Segment Start: Entries supplied
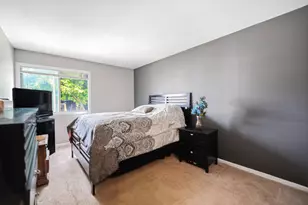 2081 N Ginger Circle, Palatine, IL 60074 - Photo 8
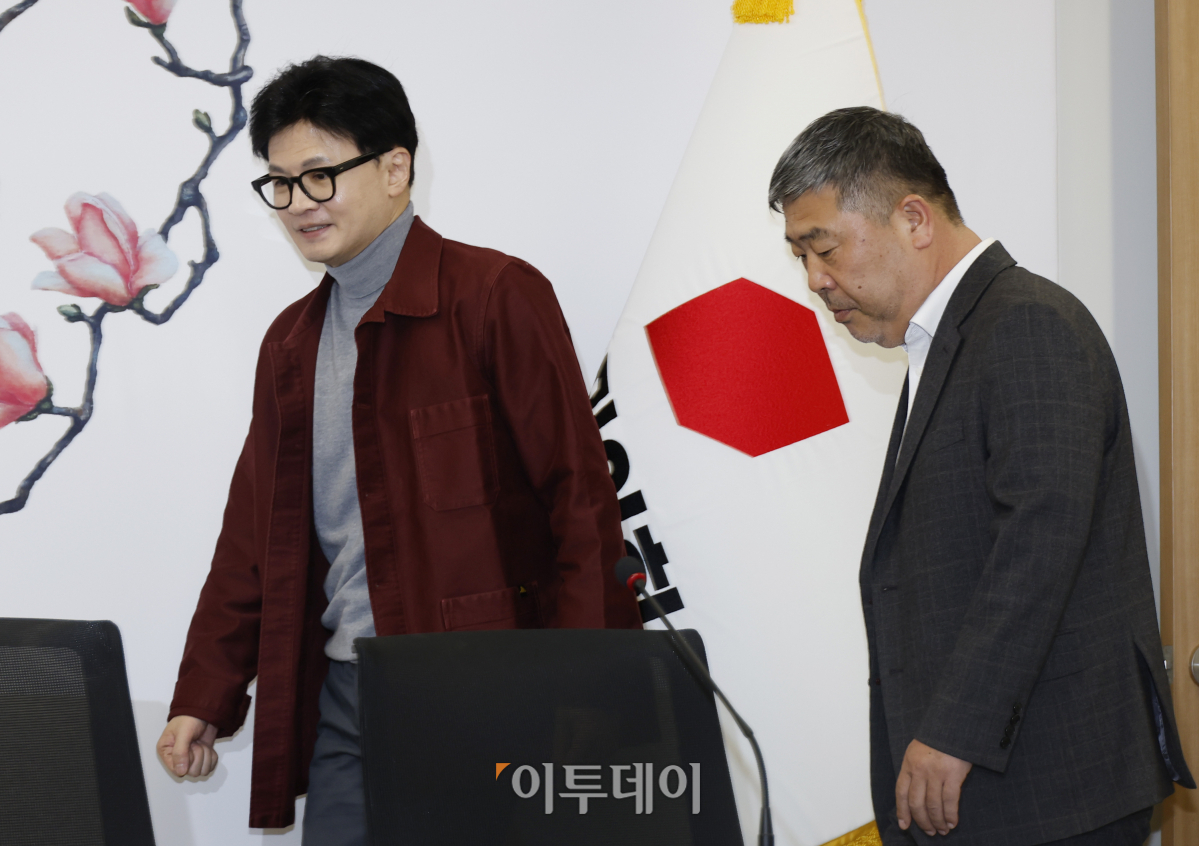▲한동훈 국민의힘 비상대책위원장이 7일 오전 서울 영등포구 국민의힘 중앙당사에서 김동명 한국노동조합총연맹 위원장을 접견하고 있다. 조현호 기자 hyunho@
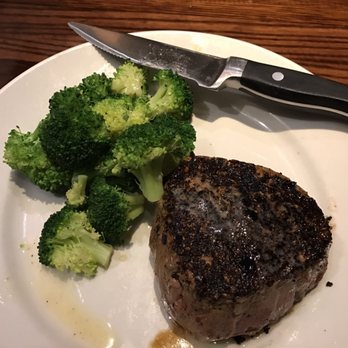 LongHorn Steakhouse - 10oz filet with broccoli - Steakhouses Near Me - Spring, Texas LongHorn Steakhouse - 10oz filet with broccoli - Steakhouses Near Me - Spring, Texas
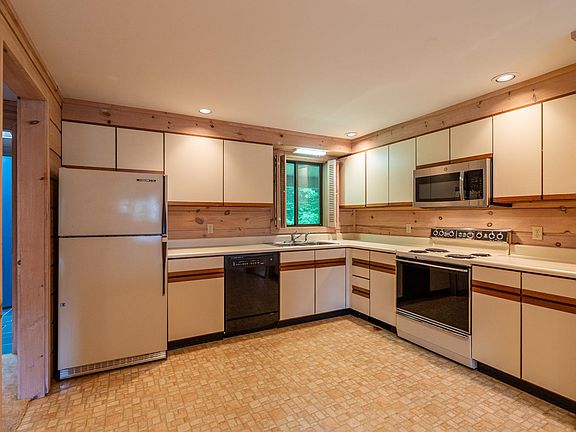 3rd image of 8920 Sage Hill Road #20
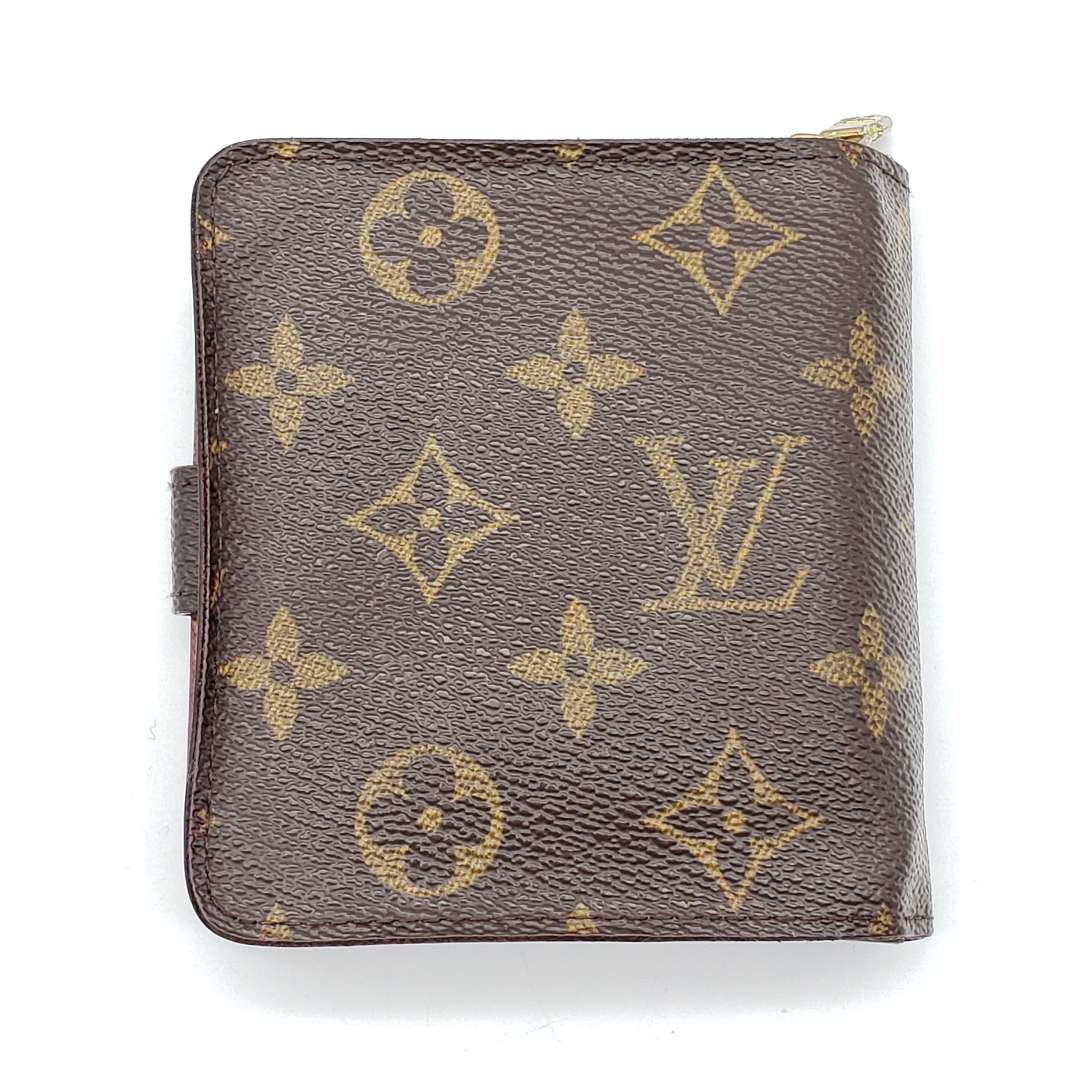 Louis Vuitton Bifold Compact Monogram Wallet - Luxury Cheaper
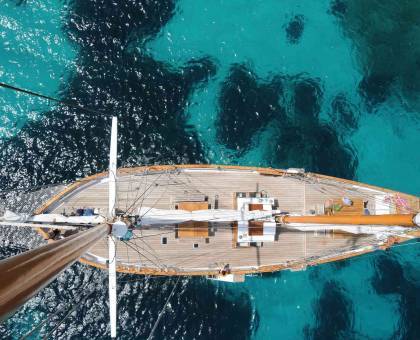 Croisière voile au coeur des Calanques © Goélette Alliance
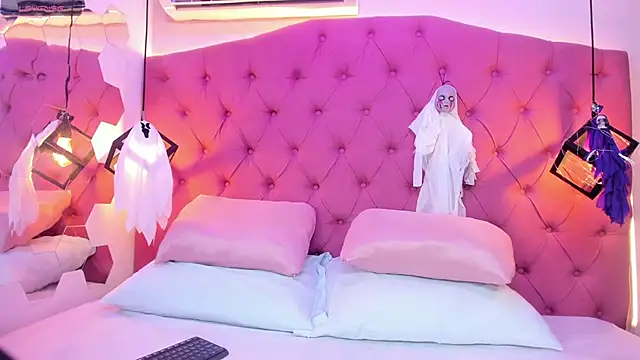 HannaPotther online show from October 6, 11:29 am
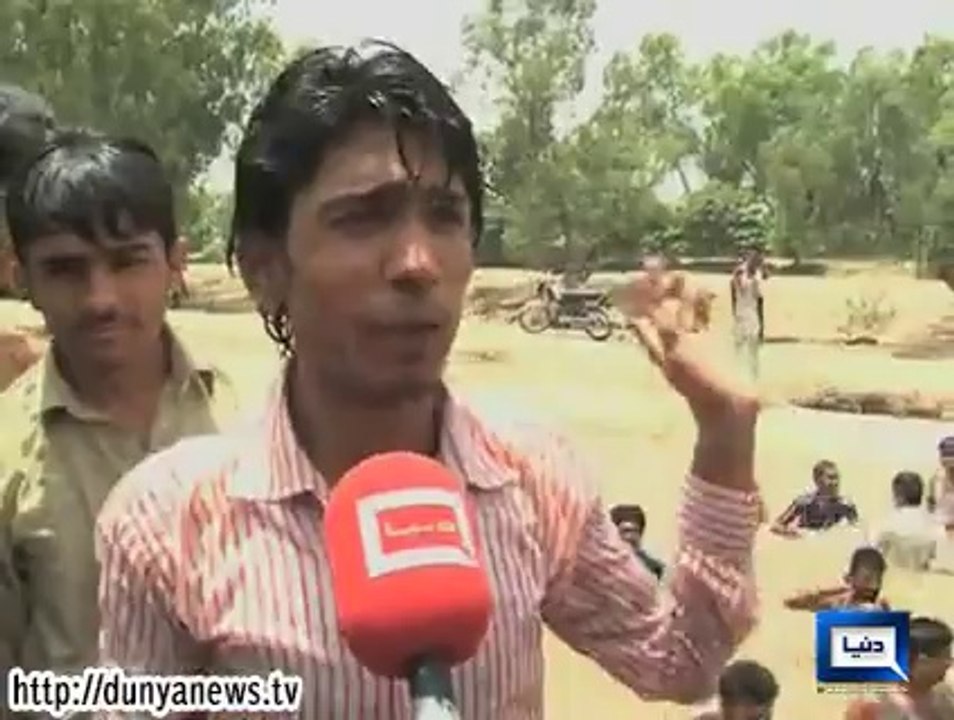 Dunya News-Youngsters take to canals, swimming pools to avoid intense heat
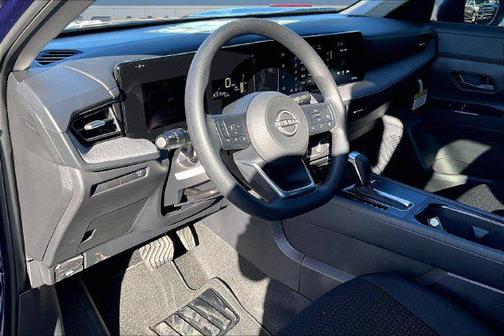 Deep Blue Pearl 2027 Nissan Kicks S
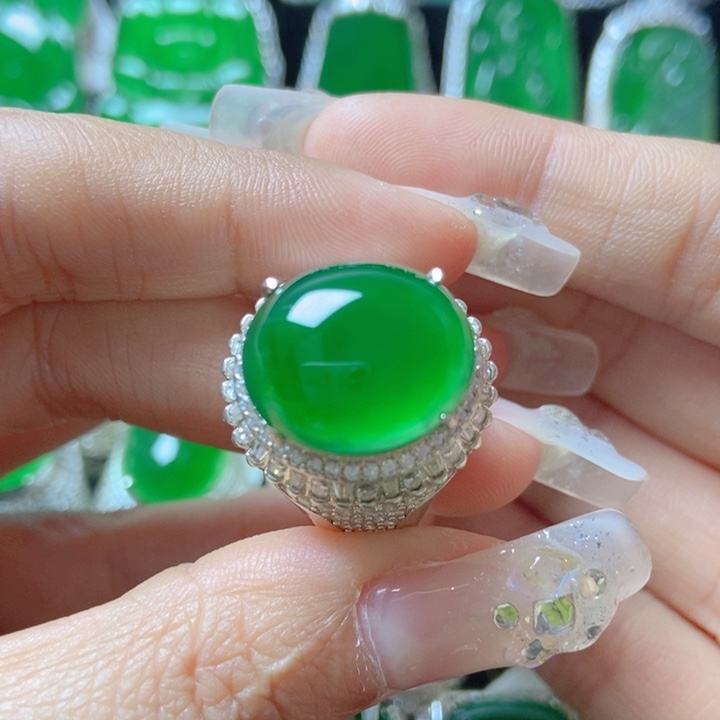 翡翠颈饰未镶嵌1659278。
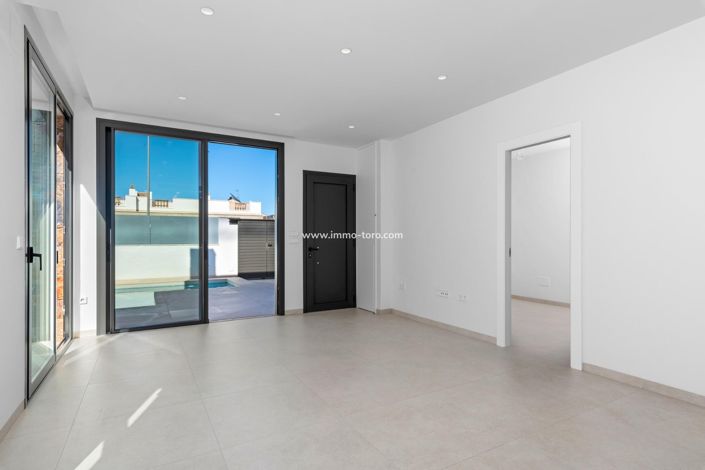 Image No.24-3 Bed Villa for sale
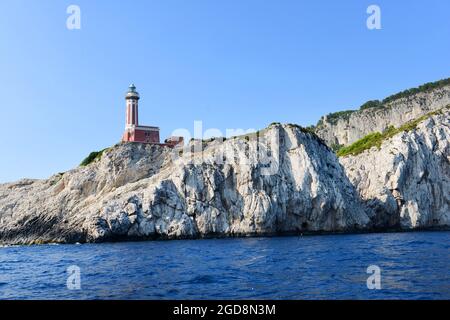 Leuchtturm an der Punta Carena, Insel Capri, Provinz Neapel, Kampanien, Italien. Stockfoto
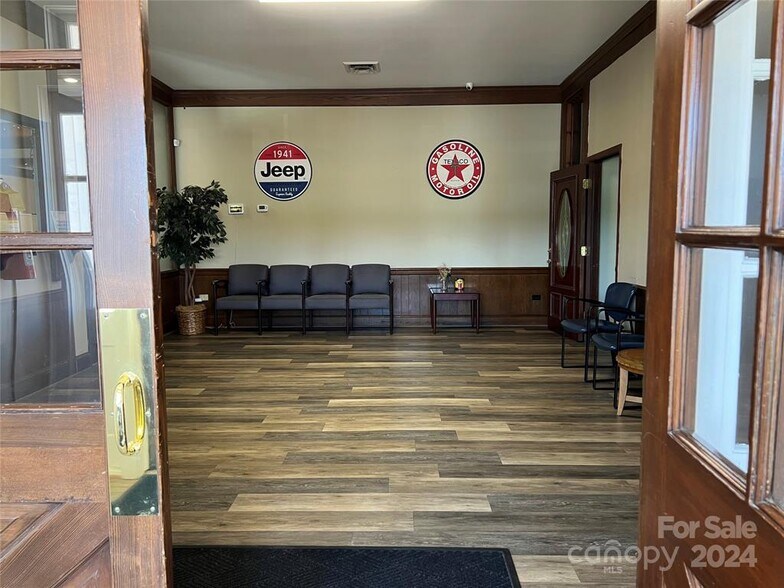 More Photos Of 604 Clark Dr, Lincolnton General Retail For Sale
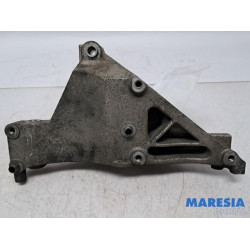 Alfa Romeo - Mito - Alternator upper bracket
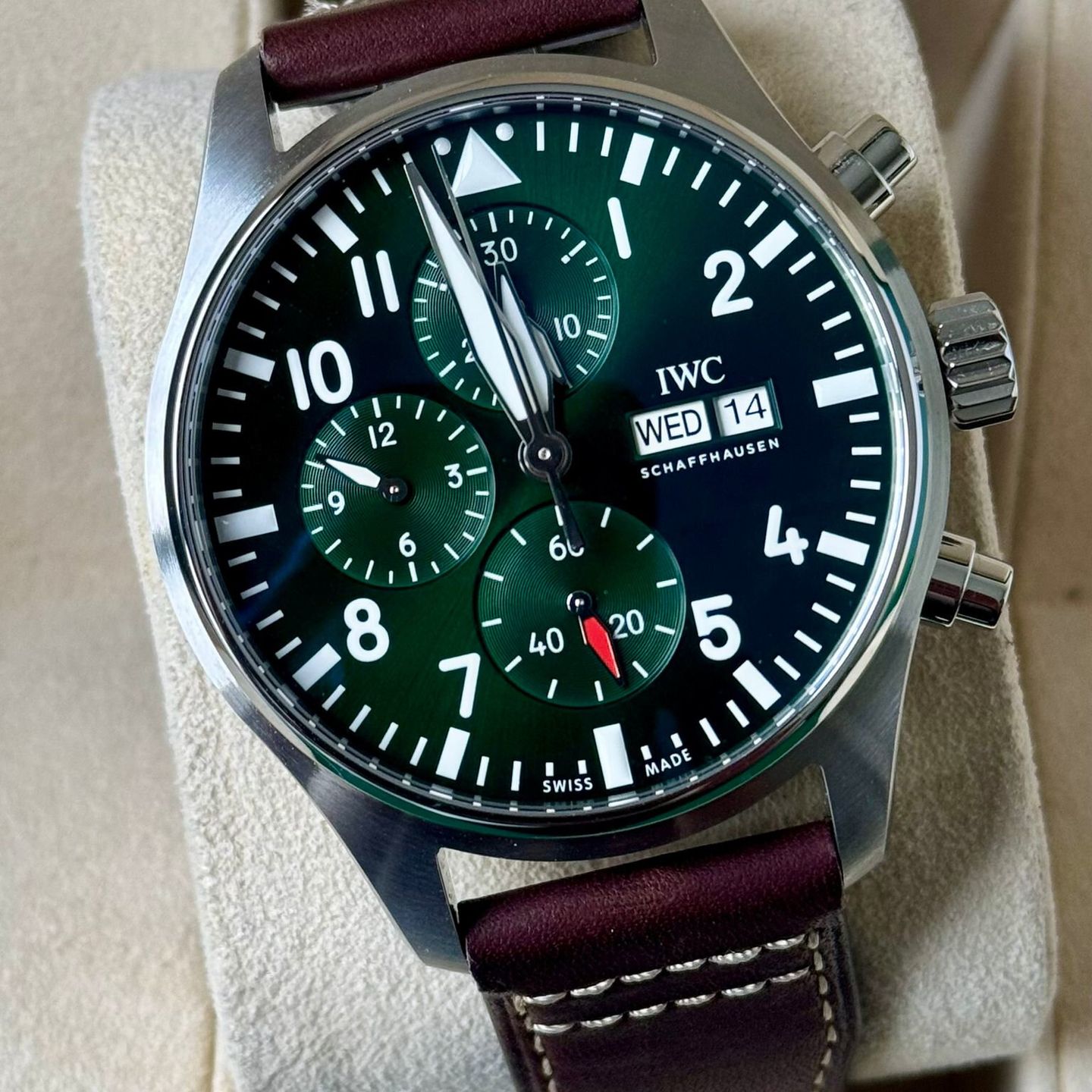 IWC Pilot Chronograph IW378005 (2024) - Groen wijzerplaat 43mm Staal (1/7)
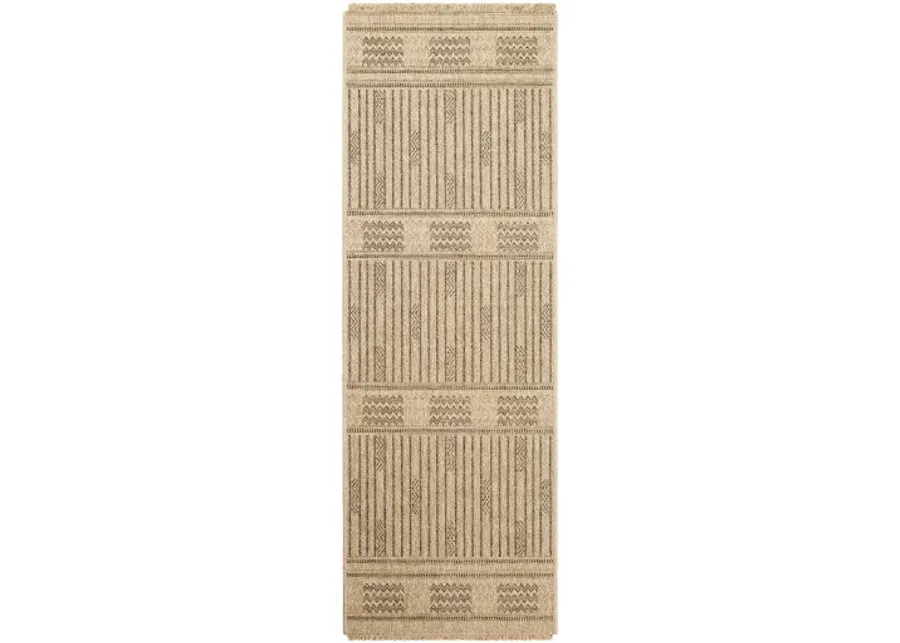 Mirage MGE-2309 2'1" x 3'8" Machine Woven Rug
Segment End: Entries supplied
#### What the exercise asks
Drop the images and return the data verbatim.

#### Output of the task
 2081 N Ginger Circle, Palatine, IL 60074 - Photo 8
▲한동훈 국민의힘 비상대책위원장이 7일 오전 서울 영등포구 국민의힘 중앙당사에서 김동명 한국노동조합총연맹 위원장을 접견하고 있다. 조현호 기자 hyunho@
 LongHorn Steakhouse - 10oz filet with broccoli - Steakhouses Near Me - Spring, Texas LongHorn Steakhouse - 10oz filet with broccoli - Steakhouses Near Me - Spring, Texas
 3rd image of 8920 Sage Hill Road #20
 Louis Vuitton Bifold Compact Monogram Wallet - Luxury Cheaper
 Croisière voile au coeur des Calanques © Goélette Alliance
 HannaPotther online show from October 6, 11:29 am
 Dunya News-Youngsters take to canals, swimming pools to avoid intense heat
 Deep Blue Pearl 2027 Nissan Kicks S
 翡翠颈饰未镶嵌1659278。
 Image No.24-3 Bed Villa for sale
 Leuchtturm an der Punta Carena, Insel Capri, Provinz Neapel, Kampanien, Italien. Stockfoto
 More Photos Of 604 Clark Dr, Lincolnton General Retail For Sale
 Alfa Romeo - Mito - Alternator upper bracket
 IWC Pilot Chronograph IW378005 (2024) - Groen wijzerplaat 43mm Staal (1/7)
 Mirage MGE-2309 2'1" x 3'8" Machine Woven Rug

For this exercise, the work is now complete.